EXERCISE: Quote each line of the material verbatim, without the pictures.

DATA TO USE:
=== Begin Enclosure ===

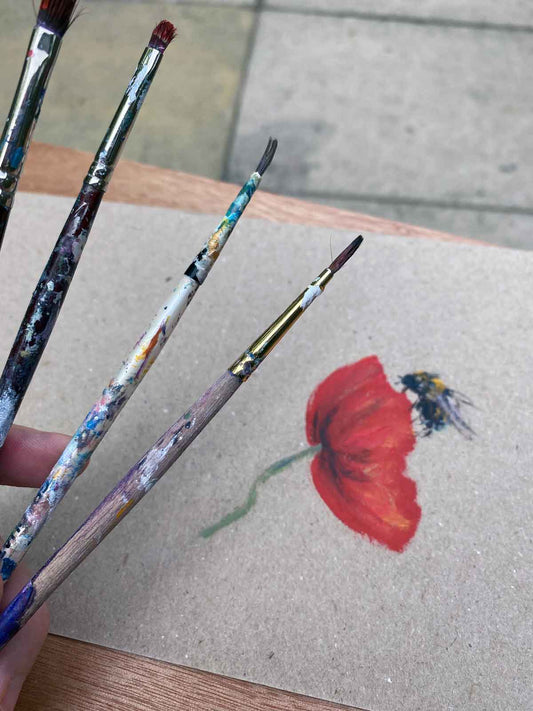 Paint brushes held up above a hand painted greetings card featuring a bee alighting on a red poppy,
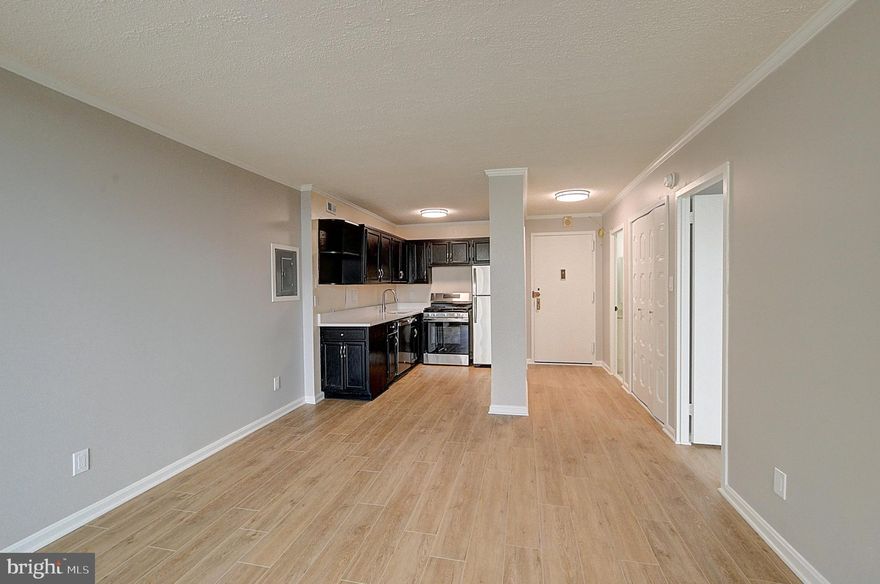 This bright, well-maintained 1-bedroom residence offers 630 square feet of open living space with crown molding throughout the main area and bedroom and new laminate flooring that runs seamlessly from room to room.
<br><br>
Ceiling asbestos abatement has been fully completed.
<br><br>
The spacious living and dining area opens to a private balcony facing the horseshoe courtyard, with a partial view of the pool from certain vantage points and a comfortable sense of privacy. Large sliding glass doors fill the space with natural light and extend the living area outdoors.
<br><br>
The kitchen features dark cabinetry, a stone countertop, and a full GE appliance suite, including a new oven, dishwasher, and refrigerator. The layout provides efficient prep space and clean lines for everyday use.
The bathroom has been updated with refreshed tile, vanity cabinetry, fixtures, and flooring while retaining the existing counter. A new electrical panel has also been installed.
<br><br>
The bedroom offers generous proportions, natural light, and ample closet storage.
<br><br>
The monthly co-op fee covers all utilities, including electricity, gas, water, sewer, heating, air conditioning, cable TV, real estate taxes, building insurance, parking, and access to building amenities.
<br><br>
The Promenade offers indoor and outdoor pools, tennis and pickleball courts, a fitness center with sauna, 24-hour security, concierge service, and an on-site arcade with shops and essential services.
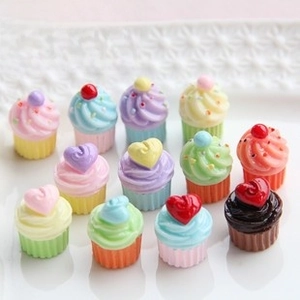 Detailed view of 12 colorful resin miniature cupcakes with various heart and cream toppings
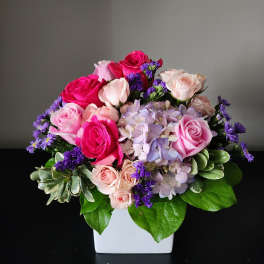 Pink and lavender rose bouquet in a white square vase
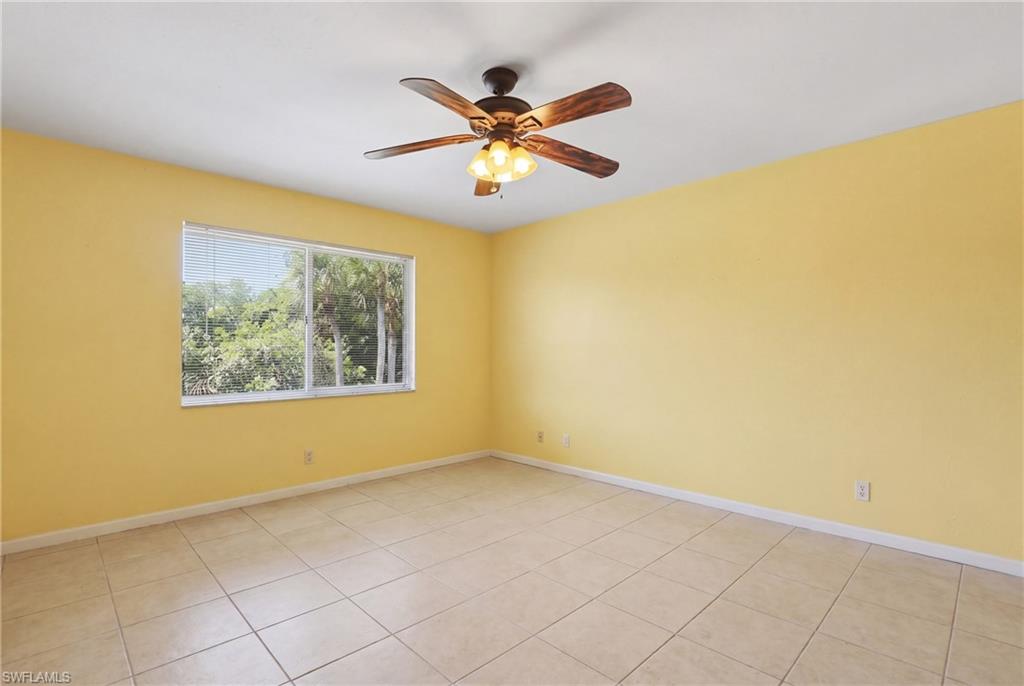 4050 Ice Castle Way, Unit 2812 Naples, FL 34112 - Photo 26 of 49 Spacious room featuring neutral tile flooring and a ceiling fan with integrated lighting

=== End Enclosure ===

REPLY TO THE EXERCISE:
 Paint brushes held up above a hand painted greetings card featuring a bee alighting on a red poppy,
 This bright, well-maintained 1-bedroom residence offers 630 square feet of open living space with crown molding throughout the main area and bedroom and new laminate flooring that runs seamlessly from room to room.
<br><br>
Ceiling asbestos abatement has been fully completed.
<br><br>
The spacious living and dining area opens to a private balcony facing the horseshoe courtyard, with a partial view of the pool from certain vantage points and a comfortable sense of privacy. Large sliding glass doors fill the space with natural light and extend the living area outdoors.
<br><br>
The kitchen features dark cabinetry, a stone countertop, and a full GE appliance suite, including a new oven, dishwasher, and refrigerator. The layout provides efficient prep space and clean lines for everyday use.
The bathroom has been updated with refreshed tile, vanity cabinetry, fixtures, and flooring while retaining the existing counter. A new electrical panel has also been installed.
<br><br>
The bedroom offers generous proportions, natural light, and ample closet storage.
<br><br>
The monthly co-op fee covers all utilities, including electricity, gas, water, sewer, heating, air conditioning, cable TV, real estate taxes, building insurance, parking, and access to building amenities.
<br><br>
The Promenade offers indoor and outdoor pools, tennis and pickleball courts, a fitness center with sauna, 24-hour security, concierge service, and an on-site arcade with shops and essential services.
 Detailed view of 12 colorful resin miniature cupcakes with various heart and cream toppings
 Pink and lavender rose bouquet in a white square vase
 4050 Ice Castle Way, Unit 2812 Naples, FL 34112 - Photo 26 of 49 Spacious room featuring neutral tile flooring and a ceiling fan with integrated lighting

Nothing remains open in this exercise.